--- BRIEF ---
Although the records contain pictures, none belong in the copy: restate word for word only the lines from the one with "Property at 184" through the one with "Steve Madden Colorful Wedges", both included.

--- LISTED RECORDS ---
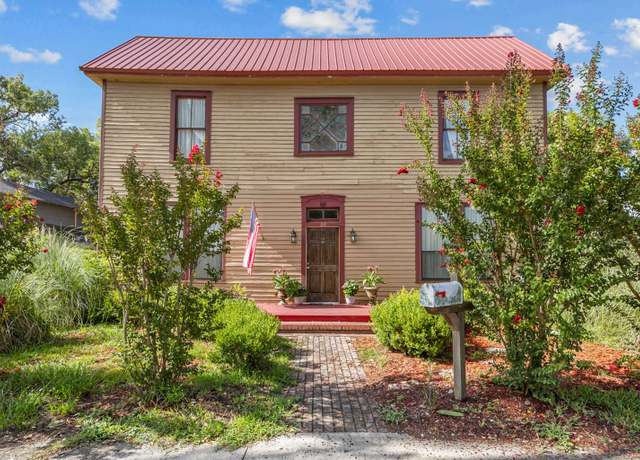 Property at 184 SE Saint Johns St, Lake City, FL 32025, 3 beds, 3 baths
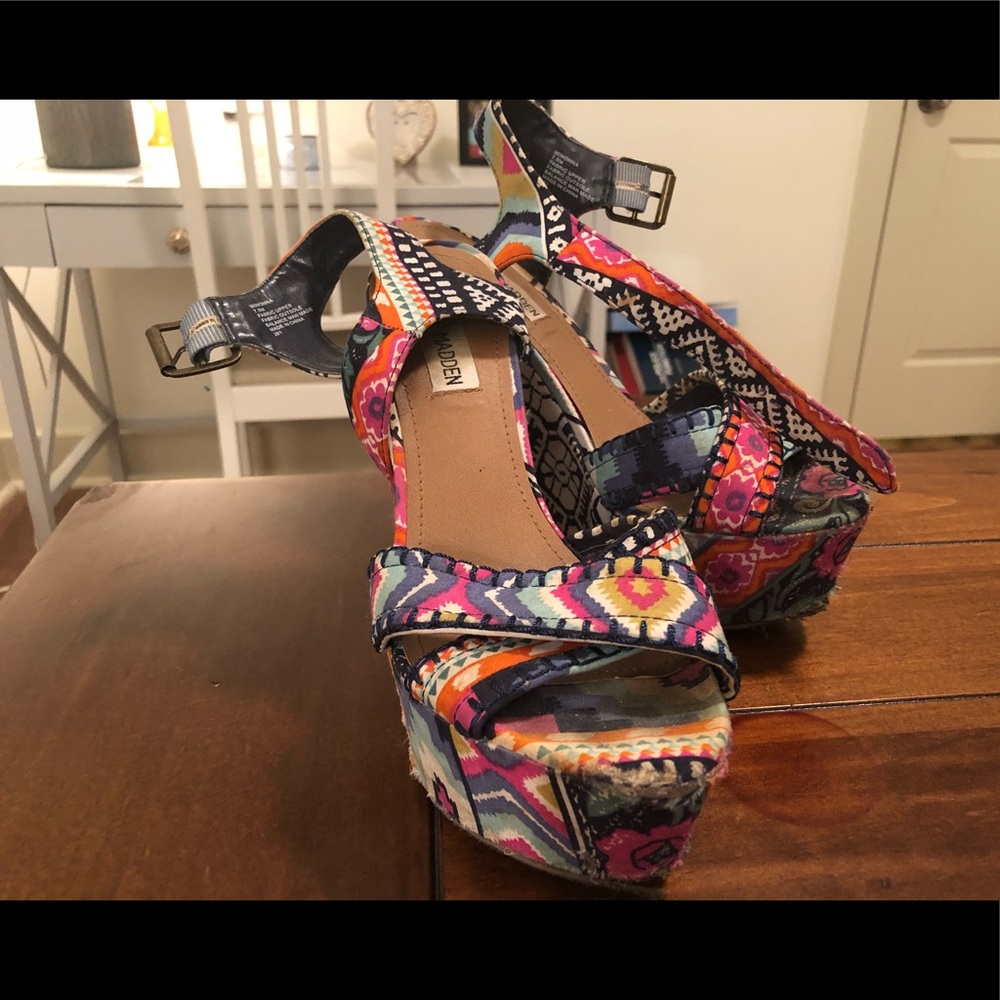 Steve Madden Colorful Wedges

==

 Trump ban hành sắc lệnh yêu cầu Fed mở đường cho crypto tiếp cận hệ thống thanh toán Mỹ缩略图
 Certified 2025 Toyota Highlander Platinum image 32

--- YOUR RESPONSE ---
 Property at 184 SE Saint Johns St, Lake City, FL 32025, 3 beds, 3 baths
 Steve Madden Colorful Wedges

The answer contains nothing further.